**Aim of the exercise**
Copy out nothing but the line containing "Load image into Gallery viewer, Appreciate" and the lines that follow it to the end of the entries, exactly as they stand.

**Available records**

● ● ● ● ●

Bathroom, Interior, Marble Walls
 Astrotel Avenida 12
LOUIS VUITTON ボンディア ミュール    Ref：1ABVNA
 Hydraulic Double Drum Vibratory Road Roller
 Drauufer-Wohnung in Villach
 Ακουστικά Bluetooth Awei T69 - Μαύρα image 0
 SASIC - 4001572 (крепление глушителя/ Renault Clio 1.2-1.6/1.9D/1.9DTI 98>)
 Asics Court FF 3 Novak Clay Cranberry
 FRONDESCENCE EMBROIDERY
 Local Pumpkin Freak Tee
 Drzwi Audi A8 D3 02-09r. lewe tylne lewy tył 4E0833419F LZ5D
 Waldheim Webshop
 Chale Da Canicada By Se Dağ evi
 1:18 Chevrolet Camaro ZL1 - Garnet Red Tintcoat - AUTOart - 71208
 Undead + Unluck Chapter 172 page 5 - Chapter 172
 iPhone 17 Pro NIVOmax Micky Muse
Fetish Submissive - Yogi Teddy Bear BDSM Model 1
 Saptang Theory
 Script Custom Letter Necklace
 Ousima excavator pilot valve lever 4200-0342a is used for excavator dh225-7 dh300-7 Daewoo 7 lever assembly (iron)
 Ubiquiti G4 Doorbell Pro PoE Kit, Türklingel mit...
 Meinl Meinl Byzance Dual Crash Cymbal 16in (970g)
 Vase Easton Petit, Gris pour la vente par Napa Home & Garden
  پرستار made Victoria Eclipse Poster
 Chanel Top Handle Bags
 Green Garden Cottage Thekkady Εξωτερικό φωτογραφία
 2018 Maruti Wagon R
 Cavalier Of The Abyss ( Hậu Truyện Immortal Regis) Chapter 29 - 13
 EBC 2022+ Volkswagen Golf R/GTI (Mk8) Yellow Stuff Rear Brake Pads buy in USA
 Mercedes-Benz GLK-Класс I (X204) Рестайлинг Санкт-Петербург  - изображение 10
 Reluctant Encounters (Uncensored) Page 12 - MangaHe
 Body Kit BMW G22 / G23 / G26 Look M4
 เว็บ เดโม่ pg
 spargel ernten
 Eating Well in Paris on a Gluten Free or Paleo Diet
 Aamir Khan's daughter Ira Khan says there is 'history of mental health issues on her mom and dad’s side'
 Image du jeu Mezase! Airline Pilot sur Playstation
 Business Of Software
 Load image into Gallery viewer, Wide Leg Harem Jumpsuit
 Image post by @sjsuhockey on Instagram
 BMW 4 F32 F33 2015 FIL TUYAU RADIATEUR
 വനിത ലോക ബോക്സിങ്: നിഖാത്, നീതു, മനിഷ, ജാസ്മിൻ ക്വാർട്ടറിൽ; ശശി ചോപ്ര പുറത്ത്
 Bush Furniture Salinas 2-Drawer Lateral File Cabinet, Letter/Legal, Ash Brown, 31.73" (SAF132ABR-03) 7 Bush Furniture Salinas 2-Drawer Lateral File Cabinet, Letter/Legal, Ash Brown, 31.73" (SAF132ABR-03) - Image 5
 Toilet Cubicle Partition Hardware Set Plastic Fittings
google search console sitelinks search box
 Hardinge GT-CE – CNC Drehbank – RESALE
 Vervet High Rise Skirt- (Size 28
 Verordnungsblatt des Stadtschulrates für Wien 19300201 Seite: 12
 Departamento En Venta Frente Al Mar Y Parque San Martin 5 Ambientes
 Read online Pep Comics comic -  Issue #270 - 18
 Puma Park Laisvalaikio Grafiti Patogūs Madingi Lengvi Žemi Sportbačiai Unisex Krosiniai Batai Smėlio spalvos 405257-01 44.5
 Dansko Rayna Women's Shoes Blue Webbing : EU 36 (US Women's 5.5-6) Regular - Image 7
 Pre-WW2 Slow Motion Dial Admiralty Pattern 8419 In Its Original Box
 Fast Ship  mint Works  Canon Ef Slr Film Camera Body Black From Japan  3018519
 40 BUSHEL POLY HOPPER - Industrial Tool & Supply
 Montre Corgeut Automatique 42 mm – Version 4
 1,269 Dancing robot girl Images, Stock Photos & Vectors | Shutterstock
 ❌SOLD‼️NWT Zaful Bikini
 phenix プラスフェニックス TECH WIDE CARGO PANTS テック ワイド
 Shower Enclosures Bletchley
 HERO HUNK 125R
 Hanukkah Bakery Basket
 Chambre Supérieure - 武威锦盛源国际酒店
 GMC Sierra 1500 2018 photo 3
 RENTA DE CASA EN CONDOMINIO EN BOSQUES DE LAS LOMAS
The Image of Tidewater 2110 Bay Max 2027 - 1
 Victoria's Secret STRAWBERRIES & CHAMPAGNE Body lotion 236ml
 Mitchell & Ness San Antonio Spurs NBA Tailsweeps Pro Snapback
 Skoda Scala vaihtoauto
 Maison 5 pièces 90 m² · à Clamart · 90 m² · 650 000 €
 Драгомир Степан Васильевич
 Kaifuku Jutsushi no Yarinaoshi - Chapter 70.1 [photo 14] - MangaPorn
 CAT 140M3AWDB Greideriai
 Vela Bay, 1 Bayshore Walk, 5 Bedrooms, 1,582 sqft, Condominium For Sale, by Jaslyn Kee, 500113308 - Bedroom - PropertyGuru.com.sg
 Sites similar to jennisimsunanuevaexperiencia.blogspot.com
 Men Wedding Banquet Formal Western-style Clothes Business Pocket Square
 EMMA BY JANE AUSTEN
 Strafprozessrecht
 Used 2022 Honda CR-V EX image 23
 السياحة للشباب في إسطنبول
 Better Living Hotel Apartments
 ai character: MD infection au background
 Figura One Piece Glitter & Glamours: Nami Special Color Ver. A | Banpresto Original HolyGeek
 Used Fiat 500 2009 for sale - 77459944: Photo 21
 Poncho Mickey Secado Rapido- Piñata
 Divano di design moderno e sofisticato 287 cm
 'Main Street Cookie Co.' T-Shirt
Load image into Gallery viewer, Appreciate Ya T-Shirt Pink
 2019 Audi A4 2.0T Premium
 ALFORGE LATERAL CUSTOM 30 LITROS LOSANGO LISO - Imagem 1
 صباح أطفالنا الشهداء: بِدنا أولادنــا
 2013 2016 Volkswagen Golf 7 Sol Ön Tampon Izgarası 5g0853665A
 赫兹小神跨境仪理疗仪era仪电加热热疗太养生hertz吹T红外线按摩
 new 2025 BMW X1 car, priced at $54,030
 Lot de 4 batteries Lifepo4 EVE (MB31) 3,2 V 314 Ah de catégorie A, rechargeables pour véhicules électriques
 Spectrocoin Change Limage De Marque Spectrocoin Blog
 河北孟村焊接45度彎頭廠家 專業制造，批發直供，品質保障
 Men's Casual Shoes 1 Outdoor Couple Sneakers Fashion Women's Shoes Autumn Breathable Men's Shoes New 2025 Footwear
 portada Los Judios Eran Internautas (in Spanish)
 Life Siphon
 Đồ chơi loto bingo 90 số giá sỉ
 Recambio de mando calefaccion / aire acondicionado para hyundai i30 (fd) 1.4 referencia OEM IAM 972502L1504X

● ● ● ● ●

**Solution to this exercise**
Load image into Gallery viewer, Appreciate Ya T-Shirt Pink
 2019 Audi A4 2.0T Premium
 ALFORGE LATERAL CUSTOM 30 LITROS LOSANGO LISO - Imagem 1
 صباح أطفالنا الشهداء: بِدنا أولادنــا
 2013 2016 Volkswagen Golf 7 Sol Ön Tampon Izgarası 5g0853665A
 赫兹小神跨境仪理疗仪era仪电加热热疗太养生hertz吹T红外线按摩
 new 2025 BMW X1 car, priced at $54,030
 Lot de 4 batteries Lifepo4 EVE (MB31) 3,2 V 314 Ah de catégorie A, rechargeables pour véhicules électriques
 Spectrocoin Change Limage De Marque Spectrocoin Blog
 河北孟村焊接45度彎頭廠家 專業制造，批發直供，品質保障
 Men's Casual Shoes 1 Outdoor Couple Sneakers Fashion Women's Shoes Autumn Breathable Men's Shoes New 2025 Footwear
 portada Los Judios Eran Internautas (in Spanish)
 Life Siphon
 Đồ chơi loto bingo 90 số giá sỉ
 Recambio de mando calefaccion / aire acondicionado para hyundai i30 (fd) 1.4 referencia OEM IAM 972502L1504X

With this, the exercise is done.